From: spydox on

I'm trying to find a repeated number in a string, like 122345 finds
22.

This works:

/(\d)\1/

This doesn't:

/\1(\d)/

I guess LLR parsing is to blame, but shouldn't the second example
first try to FIND a $1 then check to see if there is a \1, and repeat
that process moving L to R?

I though Perl sort of went to and fro trying to do matching. To me,
there IS a /\1(\d)/ in the string since $1 is 2, and there is a \1 = 2
preceeding it.

I was a little surprized this didn't work although I can sort of see
why in a way too. In some ways it seems to me that regexes should be
*disconnected* from parsing - just answer the question does this
match?




From: Ben Morrow on

Quoth spydox(a)gmail.com:
>
> I'm trying to find a repeated number in a string, like 122345 finds
> 22.
>
> This works:
>
> /(\d)\1/
>
> This doesn't:
>
> /\1(\d)/
>
> I guess LLR parsing is to blame, but shouldn't the second example
> first try to FIND a $1 then check to see if there is a \1, and repeat
> that process moving L to R?
>
> I though Perl sort of went to and fro trying to do matching. To me,
> there IS a /\1(\d)/ in the string since $1 is 2, and there is a \1 = 2
> preceeding it.

There are two separate operations here which you are confusing. First
perl parses the regex itself, and compiles it into an internal form.
Then it matches that regex against the string you provide. The second
will backtrack, under some circumstances; the first won't.

Ben

From: A. Sinan Unur on
spydox(a)gmail.com wrote in
news:093bf887-729d-4400-8750-
6c91b21b478e(a)w4g2000prd.googlegroups.com
:

> I'm trying to find a repeated number in a string, like 122345
> finds 22.
>
> This works:
>
> /(\d)\1/
>
> This doesn't:
>
> /\1(\d)/
>
> I guess LLR parsing is to blame,

....

> I was a little surprized this didn't work although I can sort of
> see why in a way too. In some ways it seems to me that regexes
> should be *disconnected* from parsing - just answer the question
> does this match?

I don't look at this as a parsing issue. Rather, it is a "the
universe must make sense" kind of issue: The first match does not
exist before the first match. That makes sense to me. It may not
make sense to you.

Sinan
--
A. Sinan Unur <1usa(a)llenroc.ude.invalid>
(remove .invalid and reverse each component for email address)

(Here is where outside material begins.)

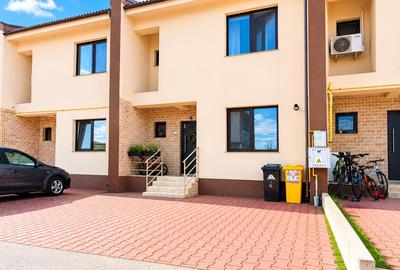 Duplex cu 4 camere cu Canalizare în Palazu Mare - 1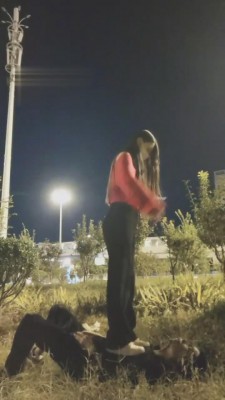 图片[4]_【猫神大人】精神小妹户外虐路人 bf2571_HD绳艺资源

comp.lang.perl.misc guidelines on the WWW:
http://www.rehabitation.com/clpmisc/
From: spydox on
On Apr 14, 2:31 pm, Ben Morrow <b...(a)morrow.me.uk> wrote:
> Quoth spy...(a)gmail.com:
>
>
>
>
>
> > I'm trying to find a repeated number in a string, like 122345 finds
> > 22.
>
> > This works:
>
> > /(\d)\1/
>
> > This doesn't:
>
> > /\1(\d)/
>
> > I guess LLR parsing is to blame, but shouldn't the second example
> > first try to FIND a $1 then check to see if there is a \1, and repeat
> > that process moving L to R?
>
> > I though Perl sort of went to and fro trying to do matching. To me,
> > there IS a /\1(\d)/ in the string since $1 is 2, and there is a \1 = 2
> > preceeding it.
>
> There are two separate operations here which you are confusing. First
> perl parses the regex itself, and compiles it into an internal form.
> Then it matches that regex against the string you provide. The second
> will backtrack, under some circumstances; the first won't.
>
> Ben

Understood, and I appreciate the insight. It makes sense.
Yet, when all else apparently *fails*, in my experience, and I've
heard MJD and others say this, Perl will "do its best" to match. To
me, unless it *also* tried backtracking, it gave up too soon..



From: spydox on
..
..
..
>
> > I guess LLR parsing is to blame,
>
..
..
>
> I don't look at this as a parsing issue. Rather, it is a "the
> universe must make sense" kind of issue: The first match does not
> exist before the first match. That makes sense to me. It may not
> make sense to you.
>

To me, like conventional pattern-recognition, of say two tanks next to
each other, the system should accept it whether the match is described
either way:

find a tank with another identical tank to it's left

*or*

find a tank with another identical tank to it's right


The system should have no *context-sensitivity* where only one of the
two matches. Sure, internally an algorithm may be scanning L to R or R
to L or whatever, but the user should not even be concerned with that,
at least in this case. I still think it gave up too soon- it should
have tried R to L (backtracking) when L to R failed.

Just IMHO, thank-you for your thoughts. This area seems just a bit
gray to me I'd be very interested in Damain or Mark's thoughts.